Le regard porte loin. Vers le nord ouest la cité rémoise a pris ses aises dans la vallée de la Vesle. Au centre les deux tours de la cathédrale veillent sur la capitale diocésaine, jalonnée au loin par les deux buttes témoins de Berru et Brimont.

 

Le tertre de l'église, isolé du village, témoigne de l'existence d'un ancien hameau disparu.

Jadis, quelques bâtisses, une dizaine selon certaines sources historiques, jouxtaient un château, ou plutôt un manoir, qu'avait fait construire un noble, revenu au pays en son temps de gloire.

 

Simon CLICQUOT-BLERVACHE est né à Reims en 1723 dans la paroisse Saint-Symphorien (aujourd'hui disparue)

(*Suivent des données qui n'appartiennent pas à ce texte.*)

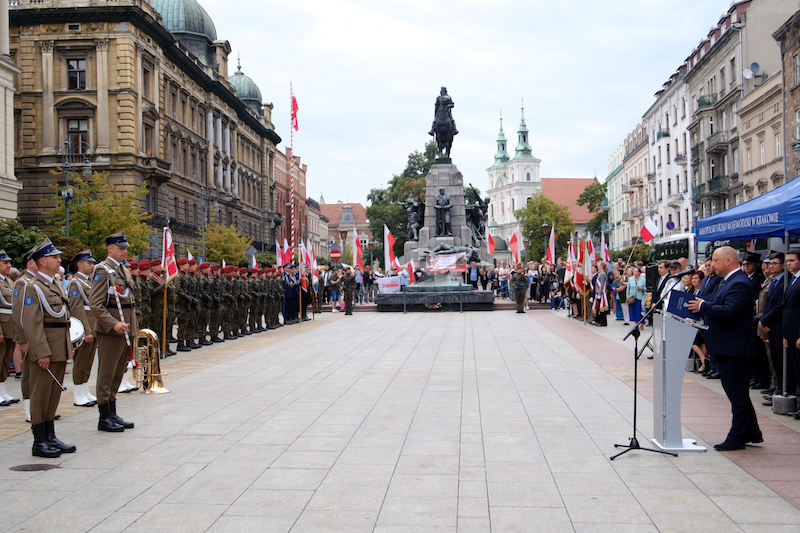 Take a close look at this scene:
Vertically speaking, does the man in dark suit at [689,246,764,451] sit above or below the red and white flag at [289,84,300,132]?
below

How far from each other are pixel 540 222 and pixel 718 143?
6415 cm

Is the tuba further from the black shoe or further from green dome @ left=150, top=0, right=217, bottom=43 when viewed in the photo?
green dome @ left=150, top=0, right=217, bottom=43

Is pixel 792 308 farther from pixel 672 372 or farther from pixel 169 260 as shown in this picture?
pixel 169 260

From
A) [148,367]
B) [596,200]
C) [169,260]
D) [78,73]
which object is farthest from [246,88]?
[148,367]

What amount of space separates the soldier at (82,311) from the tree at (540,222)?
348ft

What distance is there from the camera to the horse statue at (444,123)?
40312 millimetres

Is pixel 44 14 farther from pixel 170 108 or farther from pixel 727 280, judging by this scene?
pixel 727 280

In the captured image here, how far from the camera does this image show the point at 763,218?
9.86 m

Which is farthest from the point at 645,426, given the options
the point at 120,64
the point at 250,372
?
the point at 120,64

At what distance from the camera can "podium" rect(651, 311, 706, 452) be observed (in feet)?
22.5

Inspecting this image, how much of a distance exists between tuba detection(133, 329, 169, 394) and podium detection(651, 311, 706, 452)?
6857 millimetres

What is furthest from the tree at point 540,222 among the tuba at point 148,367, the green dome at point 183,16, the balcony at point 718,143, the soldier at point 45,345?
the soldier at point 45,345

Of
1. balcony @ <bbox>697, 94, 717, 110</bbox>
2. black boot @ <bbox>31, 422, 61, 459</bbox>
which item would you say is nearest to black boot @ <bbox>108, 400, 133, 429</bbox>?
black boot @ <bbox>31, 422, 61, 459</bbox>

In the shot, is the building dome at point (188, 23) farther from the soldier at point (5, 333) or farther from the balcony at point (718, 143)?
the soldier at point (5, 333) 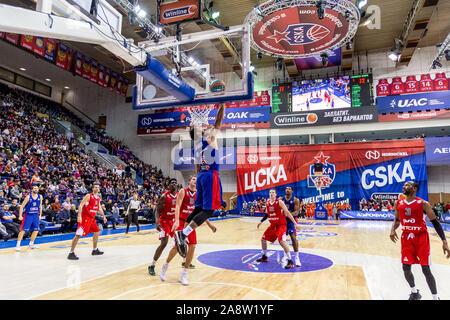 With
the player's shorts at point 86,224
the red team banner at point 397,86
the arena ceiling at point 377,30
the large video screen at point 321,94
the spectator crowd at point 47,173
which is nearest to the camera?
the player's shorts at point 86,224

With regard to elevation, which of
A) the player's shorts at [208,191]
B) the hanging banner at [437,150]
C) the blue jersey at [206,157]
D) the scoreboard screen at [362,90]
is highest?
the scoreboard screen at [362,90]

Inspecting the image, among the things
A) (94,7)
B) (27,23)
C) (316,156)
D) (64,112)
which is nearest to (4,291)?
(27,23)

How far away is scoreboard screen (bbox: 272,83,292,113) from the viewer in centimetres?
2188

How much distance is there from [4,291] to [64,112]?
24481 mm

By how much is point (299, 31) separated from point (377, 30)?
30.7 feet

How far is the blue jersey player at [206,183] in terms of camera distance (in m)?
3.92

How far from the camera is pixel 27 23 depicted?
14.5ft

Élève au collège de l'Université rémoise, il bénéficie de l'enseignement dispensé par le célèbre abbé Le Batteux. Autant dire que les Belles Lettres n'ont plus de secret pour le jeune Simon qui apprend très tôt à "tourner le madrigal et rimer l'épître" !

Adulte, l'homme de plume rejoint l'Académie d'Amiens, société savante promulguant la connaissance des sciences, des lettres et des arts.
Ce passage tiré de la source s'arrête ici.